ハイレゾ音源の広がりとともに、オーディオ製品への回帰現象が進んでいる。久しく静かだったメーカーから新製品が登場するのは楽しいしうれしい。ヤマハはそうしたムーブメントに先駆け、プリメインアンプの「A-S2000」とCDプレーヤーの「CD-S2000」を2007年にリリースした。昨年秋にはその上位機となる「A-S3000」と「CD-S3000」を送り出す。VUメーターをフロントパネルに組み込んだ懐かしいけど新しいデザインのプリメインアンプと、このモデルのためにオリジナルのメカまで開発した真剣勝負のCDプレーヤーを作り上げたのである。
ヘアラインのフロントパネルと美しい仕上げのつまみやスイッチ類は、オーディオの黄金時代に一世を風靡したプリメインアンプ「CA-1000」を思い起こさせる。このモデルは木製のケースに入っていたが、新世代のプリメインアンプやCDプレーヤーにも木製のサイドパネルを装着することで同様のイメージを与えている。
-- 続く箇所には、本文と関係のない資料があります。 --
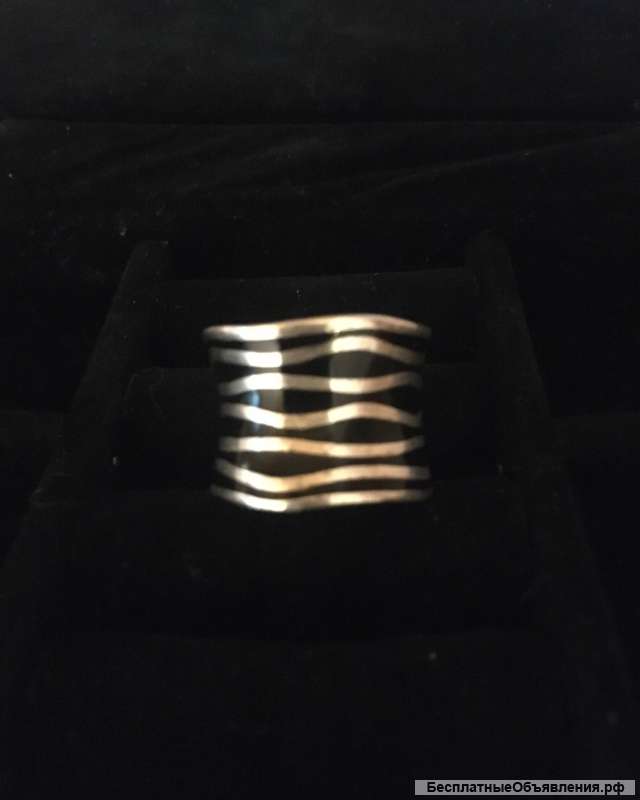Серебряное широкое красивое кольцо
1970年代に発売された「CA-1000」が注目された理由は、もちろん音が良かったからだが、加えてこのモデルは京都のGKデザインが意匠を担当したことでもこだわりのユーザーの間で話題を呼んだ。以後ヤマハのオーディオ機器はGKデザインとの係わりが深くなる。近年のモデルは自社内でデザイン設計を行っているということだが、新世代機を見るにつけ過去の資産が正しく受け継がれていることがよく分かる。
ここで紹介する「A-S2100」は「A-S2000」の後継機であるとともに、「A-S3000」の姉妹機でもある。デザイン的な側面から捉えるなら、むしろ姉妹機としての色合いが濃いが、内容に関しても上位機となる「A-S3000」の物作りが展開されているため、これからユーザーになろうという人にとって、こうしたアプローチは大いに歓迎されることだろう。とはいってもプライス面でほぼ倍に近い値差があるので、その間を埋めるために合理的な選択と集中が行われている。
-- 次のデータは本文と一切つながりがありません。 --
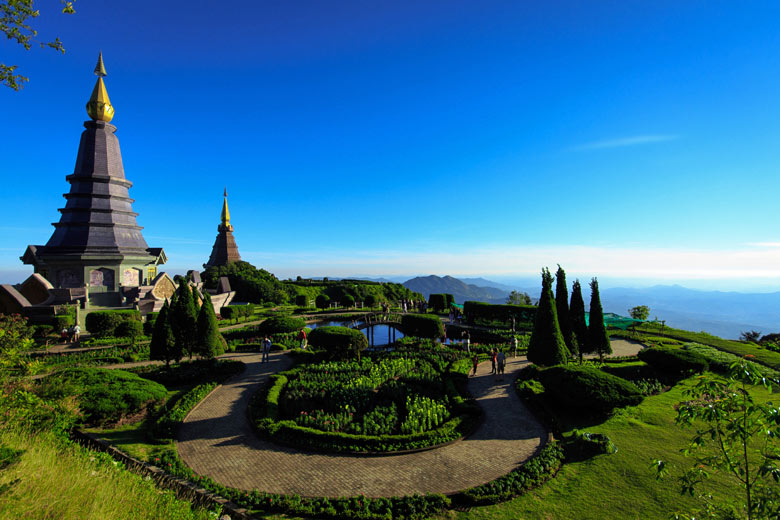 Winter sun in the mountains, Chiang Mai © Lestermandersson - Wikimedia Commons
その1つがシャーシだ。「A-S2100」のシャーシは「A-S2000」のものを流用しているので金型代の負担はない。また電源部もほぼ同様なのでこの部分でもコストカットがなされている。「A-S3000」ではトロイダル型の電源トランスがシャーシ中央部にドンと構えていたが、「A-S2000」はEIコアの電源トランスをそのまま用いた。もっとも整流前の電源を引きまわすケーブルの径をサイズアップするなど下支え部分を強化することで、出力段に採用したMOS-FETの駆動力を高める全段ディスクリート構成のバランス伝送を実現している。
プリアンプ部分に関しても「A-S3000」のエッセンスをたっぷりと盛り込んだ。フォノイコライザー、ヘッドフォンアンプはいずれも同じ回路を持ち、スムースな動きを可能にしたボリュームにJRC製のコントロール回路を採り入れていることも同様である。またこのモデルもトーンコントロール回路は中点で完全にフラットになる設計がなされ、バイパス時には徹底した信号の純化を行っていることも特徴だ。
フロントパネルにはピークとVU動作を切り替えて表示するVUメーターが収められている。意外だったのはヤマハでVUメーターを装備したアンプは「A-S3000」が初めてだということ。「A-S2100」のメーターは「A-S3000」より一回り小ぶりだが、これが2世代目となる。両者の細かな違いを挙げるなら、メーターだけでなく、ボリュームのノブがアルミから樹脂製になっていたりといろいろあるが、7年ぶりという年月の隔たり以上に「A-S2100」は「A-S2000」から大々的な飛躍を遂げたプリメインアンプに仕上げられていることは間違いない。